テッセイはその金で屯所に遊びに来る子供たちにあれこれ買ってあげたそうだ。カルタスは自分が破壊したエンリケの事務所の補習作業費に当ててもらったらしい。
残りの2人はさてどう使ったのだろうか・・・・。
サイカワは例によって地獄の筋肉痛で病院に戻った。もう病院にいる時間の方が長い気がする。
スレイダーは戻った後でシトリンに物凄く怒られたらしい。後日「七星より怖かったよ」と彼はそう言って苦笑していた。

そして七星の3人は・・・・・。
「お前達の身柄は当分私が預かるよ。父を通して王にも話が通っているのでそのつもりで」
シンクレアが薬局の雑用を手伝わせている3人にそう言った。
はーい、とオルヴィエ達が返事をする。
「はー、さてじゃあ今回は身体も動かして疲れたし、早速仮眠をとってくることにするよ。店番しっかりな」
シンクレアはそう言って奥へ引っ込んでいった。
それを見届けてから、3人がやった、と手を打ち合わせた。
「万事計画通りね」
「いや上手くいくものだ」
「お祭りまでこっちにいられるねー」
そんな事を言い合っている。
・・・・て、まさか聖誕祭までこの町に居座るつもりで?
「だってね、聖誕祭なんか自国で迎えるものじゃないんだってば。

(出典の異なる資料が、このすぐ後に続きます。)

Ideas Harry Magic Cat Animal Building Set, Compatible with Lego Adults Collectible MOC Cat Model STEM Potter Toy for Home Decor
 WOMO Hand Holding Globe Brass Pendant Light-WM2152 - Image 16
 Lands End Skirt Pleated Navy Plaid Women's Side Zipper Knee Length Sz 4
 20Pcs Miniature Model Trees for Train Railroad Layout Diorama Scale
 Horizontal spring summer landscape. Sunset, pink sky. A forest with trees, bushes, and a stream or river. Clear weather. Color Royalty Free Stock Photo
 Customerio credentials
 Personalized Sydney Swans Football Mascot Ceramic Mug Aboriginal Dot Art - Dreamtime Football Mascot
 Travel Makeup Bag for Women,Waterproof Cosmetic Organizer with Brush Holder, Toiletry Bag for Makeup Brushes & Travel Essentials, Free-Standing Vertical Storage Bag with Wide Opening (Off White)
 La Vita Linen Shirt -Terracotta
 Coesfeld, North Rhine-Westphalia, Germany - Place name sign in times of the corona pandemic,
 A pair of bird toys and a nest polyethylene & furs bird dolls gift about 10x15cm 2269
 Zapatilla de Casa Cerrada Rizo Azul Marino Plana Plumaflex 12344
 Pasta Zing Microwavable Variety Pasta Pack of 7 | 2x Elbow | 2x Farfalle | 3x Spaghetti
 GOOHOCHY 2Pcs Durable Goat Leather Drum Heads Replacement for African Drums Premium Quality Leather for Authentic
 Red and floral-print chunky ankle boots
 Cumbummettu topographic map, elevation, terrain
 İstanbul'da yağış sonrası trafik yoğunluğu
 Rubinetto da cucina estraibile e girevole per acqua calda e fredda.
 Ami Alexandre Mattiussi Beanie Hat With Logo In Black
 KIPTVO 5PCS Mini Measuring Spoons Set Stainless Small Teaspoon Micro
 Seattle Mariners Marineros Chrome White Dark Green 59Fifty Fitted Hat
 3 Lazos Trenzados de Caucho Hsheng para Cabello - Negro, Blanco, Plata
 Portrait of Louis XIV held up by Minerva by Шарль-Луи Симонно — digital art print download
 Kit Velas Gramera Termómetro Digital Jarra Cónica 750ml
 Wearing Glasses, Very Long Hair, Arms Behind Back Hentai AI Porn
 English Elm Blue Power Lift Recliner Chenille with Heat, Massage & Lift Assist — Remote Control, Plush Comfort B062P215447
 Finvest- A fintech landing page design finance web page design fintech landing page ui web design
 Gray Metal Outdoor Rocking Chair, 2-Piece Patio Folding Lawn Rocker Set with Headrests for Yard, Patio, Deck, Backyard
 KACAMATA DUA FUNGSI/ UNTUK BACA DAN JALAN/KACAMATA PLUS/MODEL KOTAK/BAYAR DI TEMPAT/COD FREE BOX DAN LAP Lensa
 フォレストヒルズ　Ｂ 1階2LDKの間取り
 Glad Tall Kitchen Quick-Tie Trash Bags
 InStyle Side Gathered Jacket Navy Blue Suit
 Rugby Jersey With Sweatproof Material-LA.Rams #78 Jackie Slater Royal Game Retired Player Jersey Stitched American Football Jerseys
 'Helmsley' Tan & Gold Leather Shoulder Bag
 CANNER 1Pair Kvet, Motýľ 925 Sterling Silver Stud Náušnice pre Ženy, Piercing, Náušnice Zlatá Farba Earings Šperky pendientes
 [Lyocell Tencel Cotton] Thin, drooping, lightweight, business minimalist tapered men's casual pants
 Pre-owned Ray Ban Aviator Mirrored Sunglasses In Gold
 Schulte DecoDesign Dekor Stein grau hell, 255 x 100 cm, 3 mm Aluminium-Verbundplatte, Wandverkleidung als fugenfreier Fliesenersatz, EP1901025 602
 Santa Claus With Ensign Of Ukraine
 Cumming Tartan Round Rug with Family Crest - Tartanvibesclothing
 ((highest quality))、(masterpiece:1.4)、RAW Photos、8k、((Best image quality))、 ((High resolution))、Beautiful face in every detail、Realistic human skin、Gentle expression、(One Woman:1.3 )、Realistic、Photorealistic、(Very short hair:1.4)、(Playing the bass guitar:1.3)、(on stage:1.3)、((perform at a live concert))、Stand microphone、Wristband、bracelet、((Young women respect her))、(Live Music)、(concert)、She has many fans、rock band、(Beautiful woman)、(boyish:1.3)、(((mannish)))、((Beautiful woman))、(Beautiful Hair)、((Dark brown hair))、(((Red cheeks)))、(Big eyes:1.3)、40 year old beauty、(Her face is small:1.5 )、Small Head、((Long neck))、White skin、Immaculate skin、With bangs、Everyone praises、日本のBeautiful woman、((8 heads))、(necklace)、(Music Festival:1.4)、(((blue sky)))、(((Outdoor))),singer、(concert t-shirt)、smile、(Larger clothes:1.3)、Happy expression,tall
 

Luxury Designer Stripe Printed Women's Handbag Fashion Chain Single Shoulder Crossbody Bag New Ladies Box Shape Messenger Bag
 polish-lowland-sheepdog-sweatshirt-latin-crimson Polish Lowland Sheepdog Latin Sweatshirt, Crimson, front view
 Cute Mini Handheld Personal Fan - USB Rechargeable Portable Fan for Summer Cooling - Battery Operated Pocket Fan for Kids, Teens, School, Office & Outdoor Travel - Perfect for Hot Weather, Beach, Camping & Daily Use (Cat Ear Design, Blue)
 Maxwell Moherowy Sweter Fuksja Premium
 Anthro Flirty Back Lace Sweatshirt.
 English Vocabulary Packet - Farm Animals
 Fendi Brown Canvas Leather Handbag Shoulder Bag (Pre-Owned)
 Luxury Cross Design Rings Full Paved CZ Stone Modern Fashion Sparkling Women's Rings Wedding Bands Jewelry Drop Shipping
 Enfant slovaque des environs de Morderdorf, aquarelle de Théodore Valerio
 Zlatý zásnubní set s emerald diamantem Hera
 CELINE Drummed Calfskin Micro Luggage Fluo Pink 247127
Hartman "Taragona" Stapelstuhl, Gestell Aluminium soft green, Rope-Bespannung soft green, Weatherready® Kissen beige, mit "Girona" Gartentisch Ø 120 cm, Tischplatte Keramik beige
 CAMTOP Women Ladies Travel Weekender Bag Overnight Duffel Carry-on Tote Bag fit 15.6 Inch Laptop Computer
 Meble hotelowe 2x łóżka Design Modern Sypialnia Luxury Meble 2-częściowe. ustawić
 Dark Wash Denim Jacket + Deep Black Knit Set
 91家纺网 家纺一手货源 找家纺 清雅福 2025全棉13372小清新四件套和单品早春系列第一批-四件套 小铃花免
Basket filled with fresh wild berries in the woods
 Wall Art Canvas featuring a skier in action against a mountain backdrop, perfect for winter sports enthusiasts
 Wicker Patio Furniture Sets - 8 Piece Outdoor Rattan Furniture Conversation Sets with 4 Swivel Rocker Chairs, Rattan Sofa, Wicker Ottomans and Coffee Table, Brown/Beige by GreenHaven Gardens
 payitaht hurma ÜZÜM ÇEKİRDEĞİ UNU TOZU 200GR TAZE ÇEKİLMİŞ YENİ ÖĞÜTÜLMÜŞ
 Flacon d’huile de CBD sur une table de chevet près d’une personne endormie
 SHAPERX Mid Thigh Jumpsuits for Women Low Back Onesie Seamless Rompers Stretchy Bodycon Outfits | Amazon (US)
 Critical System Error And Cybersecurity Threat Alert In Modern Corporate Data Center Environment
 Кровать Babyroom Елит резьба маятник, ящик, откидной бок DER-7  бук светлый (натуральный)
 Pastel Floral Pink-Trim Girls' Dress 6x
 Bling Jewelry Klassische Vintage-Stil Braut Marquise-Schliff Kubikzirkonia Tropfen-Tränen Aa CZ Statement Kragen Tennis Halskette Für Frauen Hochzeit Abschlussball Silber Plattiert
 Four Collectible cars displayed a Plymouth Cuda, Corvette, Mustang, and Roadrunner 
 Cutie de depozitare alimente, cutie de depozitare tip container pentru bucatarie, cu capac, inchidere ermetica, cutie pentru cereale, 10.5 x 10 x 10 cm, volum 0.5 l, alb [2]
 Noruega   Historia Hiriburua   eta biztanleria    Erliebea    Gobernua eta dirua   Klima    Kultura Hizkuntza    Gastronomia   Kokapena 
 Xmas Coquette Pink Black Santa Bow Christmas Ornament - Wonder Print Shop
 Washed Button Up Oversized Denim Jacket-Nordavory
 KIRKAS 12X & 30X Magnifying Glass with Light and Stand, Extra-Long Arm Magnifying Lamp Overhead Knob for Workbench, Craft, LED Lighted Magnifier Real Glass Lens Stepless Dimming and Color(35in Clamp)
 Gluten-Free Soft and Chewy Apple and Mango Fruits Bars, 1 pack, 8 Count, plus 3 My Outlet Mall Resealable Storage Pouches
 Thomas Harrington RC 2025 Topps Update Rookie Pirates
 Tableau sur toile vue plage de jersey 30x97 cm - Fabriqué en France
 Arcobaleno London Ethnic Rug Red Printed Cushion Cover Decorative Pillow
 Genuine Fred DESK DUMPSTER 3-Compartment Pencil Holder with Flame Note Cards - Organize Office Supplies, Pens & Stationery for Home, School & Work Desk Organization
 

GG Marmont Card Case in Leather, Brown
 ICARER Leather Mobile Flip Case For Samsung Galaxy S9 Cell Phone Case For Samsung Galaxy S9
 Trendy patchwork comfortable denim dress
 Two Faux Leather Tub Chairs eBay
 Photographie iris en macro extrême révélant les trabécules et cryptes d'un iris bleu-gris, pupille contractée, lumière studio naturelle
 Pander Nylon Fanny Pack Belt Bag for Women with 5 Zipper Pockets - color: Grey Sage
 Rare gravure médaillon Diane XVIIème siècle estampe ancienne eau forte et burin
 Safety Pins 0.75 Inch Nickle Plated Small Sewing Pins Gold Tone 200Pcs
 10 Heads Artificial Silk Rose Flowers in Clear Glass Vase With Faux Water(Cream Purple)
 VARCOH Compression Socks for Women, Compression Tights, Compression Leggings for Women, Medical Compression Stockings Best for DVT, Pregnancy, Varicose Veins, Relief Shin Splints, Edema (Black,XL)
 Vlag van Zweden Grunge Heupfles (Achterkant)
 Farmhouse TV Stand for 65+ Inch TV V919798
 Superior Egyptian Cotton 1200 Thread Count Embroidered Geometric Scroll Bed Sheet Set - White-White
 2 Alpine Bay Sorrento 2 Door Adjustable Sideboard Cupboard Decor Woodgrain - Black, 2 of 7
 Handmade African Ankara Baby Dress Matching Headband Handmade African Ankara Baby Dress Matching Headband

こっちはお偉いさんだし式典の取り纏めで面倒なだけで全然楽しめないんだから!」
うんざり、とオルヴィエが肩をすくめて見せる。
「それに今年の祭り、この町には歌姫セシルが来ると言うではないか。拙者はもう色紙を準備しておる」
ゲンウが懐から大事そうに色紙を出す。サイン貰う気ですか・・・・。
「美味しいもの沢山食べてー。パレード見てー。ライブも見てー。楽しみだね」
ぱたぱたとコトハの尻尾が揺れている。
じゃあ私の引き抜き云々の話は?
「あ、それねー。歌姫セシルの招致合戦に負けたうちの王様が仕返しに嫌がらせしてやるって。先生この町で有名人なんでしょ?まあちょうど私たち一年前に1人国を飛び出しちゃってて、それ以来ずっと六星だからねぇちょうどよかったし」
うなああそんなしょうもない理由で!!!
「でもちょっと残念。来て欲しかったな、ツェンレンに・・・。いい友達になれると思ったけど」
・・・・友達にはなれるさ。国境も地位も関係ない。
「左様。戦いが終わって一緒にたぬきソバをすすればその瞬間から親友だ」
たぬきソバはここにはないけどな。
「もう仲良しだもんねー」
コトハが抱きついてくる。
やれやれ・・・・。

こうして獣達の王国から来た七星たちの巻き起こした騒ぎは収まり。
私は階下に騒がしい住民を増やす事になったのだった。